There is one respect in which I am inclined to recommend a difference from Ed’s approach. His high intensity sessions took the form of frequent races over shorter distances, and occasional fartlek sessions, but no specific preparation for maintaining marathon pace throughout the race. I think that in the final 12-16 weeks of preparation for a marathon, one of the weekly long runs should be replaced by a race-specific training session aimed at developing the required mental and physical strength for racing. However I will defer detailed discussion of ways of implementing this to a future post.
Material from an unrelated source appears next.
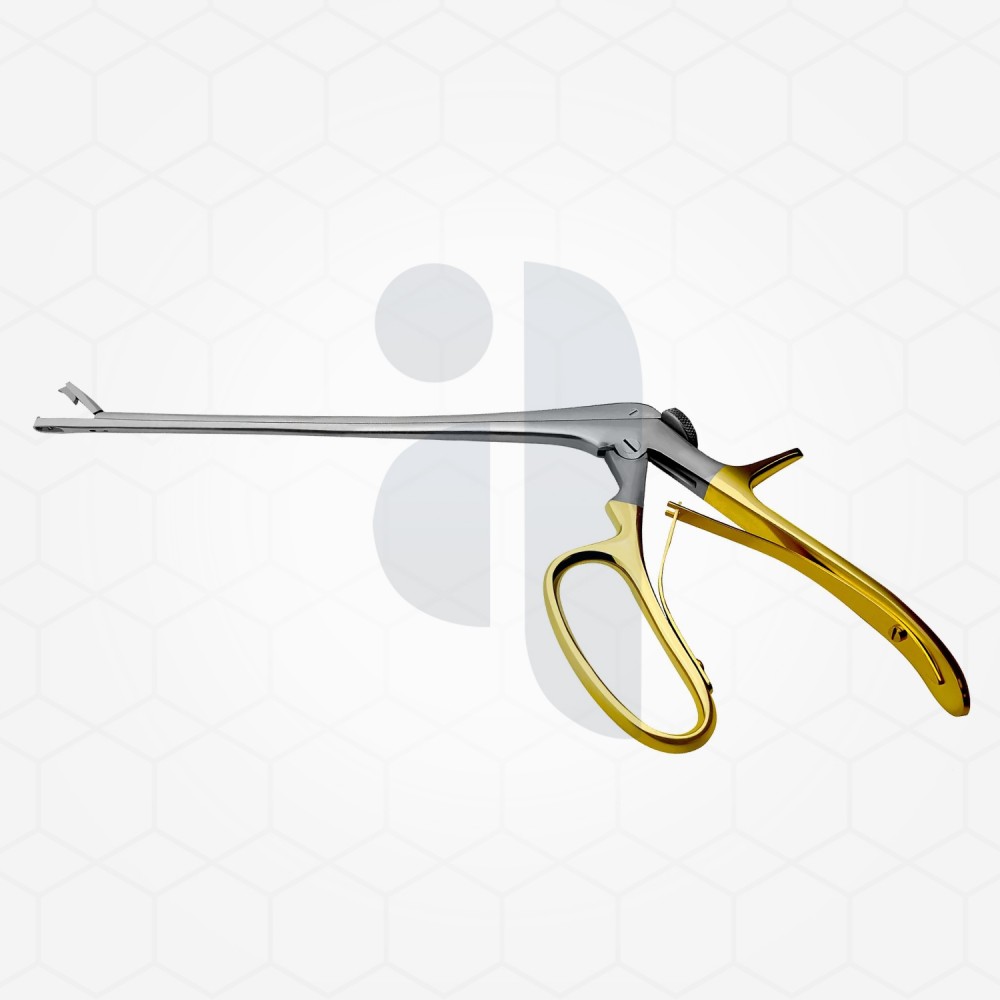 Tischler-Baby Uterine Biopsy Punch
I am at present working on gradually increasing the duration of four runs each week.   I started with four 65 minute easy runs in the first week of this program, and after 6 weeks have increased the duration of these four longish runs to 105 minutes each. I am also doing at least one high intensity session per week and one or two other short sessions. I am carefully monitoring the rate of increase in duration of these four runs to ensure that there is no cumulative tiredness. It is still far too early to deliver judgment on this strategy. However I have now built up to a weekly volume that is almost as high as the highest I have achieved at any time in the past few years. Last year and also the year before, I had found that after a few weeks at this volume of training I was showing signs of accumulating exhaustion and therefore was obliged to cut back the volume of training. If I continue to make small advances in run duration without accumulation of tiredness over the next few weeks I will have the first indications that this strategy is working.